Mr. Schamus has had a long collaboration as writer and producer with Mr. Lee on ten feature films. Brokeback
Mountain won 3 Academy Awards and is Focus’ all-time top-grosser, with global ticket sales of over $180 million.
Messrs. Lee and Schamus’ earlier films together include The Hulk; Crouching Tiger, Hidden Dragon, which won 4
Academy Awards (and for which Mr. Schamus received nominations in the Best Adapted Screenplay and Best
Original Song categories); Ride with the Devil; The Ice Storm (which earned Mr. Schamus WGA and BAFTA Award
nominations in addition to the 1997 Cannes International Film Festival prize for Best Screenplay); Sense and
Sensibility; Eat Drink Man Woman; The Wedding Banquet; and Pushing Hands. The duo most recently reteamed on
Focus’ Lust, Caution, which Mr. Schamus co-wrote and produced.
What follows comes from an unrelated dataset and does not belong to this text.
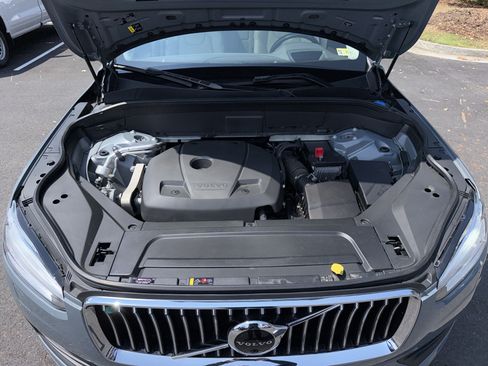 Used 2022 Volvo XC90 T6 Momentum w/ Advanced Package AWD/4WD image 34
Focus Features (www.filminfocus.com) is a motion picture production, financing, and worldwide distribution
company committed to bringing moviegoers the most original stories from the world’s most innovative
filmmakers.
Current and upcoming Focus Features releases include Martin McDonagh’s In Bruges, starring Colin Farrell,
Brendan Gleeson, and Ralph Fiennes, which world-premiered as the Opening-Night film of the 2008 Sundance Film
Festival; Bharat Nalluri’s Miss Pettigrew Lives for a Day, starring Frances McDormand and Amy Adams; Andrew
Fleming’s irreverent comedy Hamlet 2, starring Steve Coogan; Shane Acker’s animated fantasy epic 9, starring
Elijah Wood and Jennifer Connelly; Henry Selick’s stop-motion animated feature Coraline, starring Dakota Fanning
and Teri Hatcher; Cary Fukunaga’s immigrant thriller Sin Nombre; Joel and Ethan Coen’s Burn After Reading,
starring George Clooney, Frances McDormand, John Malkovich, Tilda Swinton, and Brad Pitt; writer/director Jim
Jarmusch’s new film, tentatively titled The Limits of Control, starring Isaach De Bankolé; Gus Van Sant’s Milk,
starring Sean Penn as Harvey Milk; and a contemporary comedy to be directed by Academy Award winner Sam
Mendes.
Focus Features is part of NBC Universal, one of the world’s leading media and entertainment companies in the
development, production, and marketing of entertainment, news, and information to a global audience. Formed in
May 2004 through the combining of NBC and Vivendi Universal Entertainment, NBC Universal owns and operates a
valuable portfolio of news and entertainment networks, a premier motion picture company, significant television
production operations, a leading television stations group, and world-renowned theme parks. NBC Universal is
80% owned by General Electric and 20% owned by Vivendi.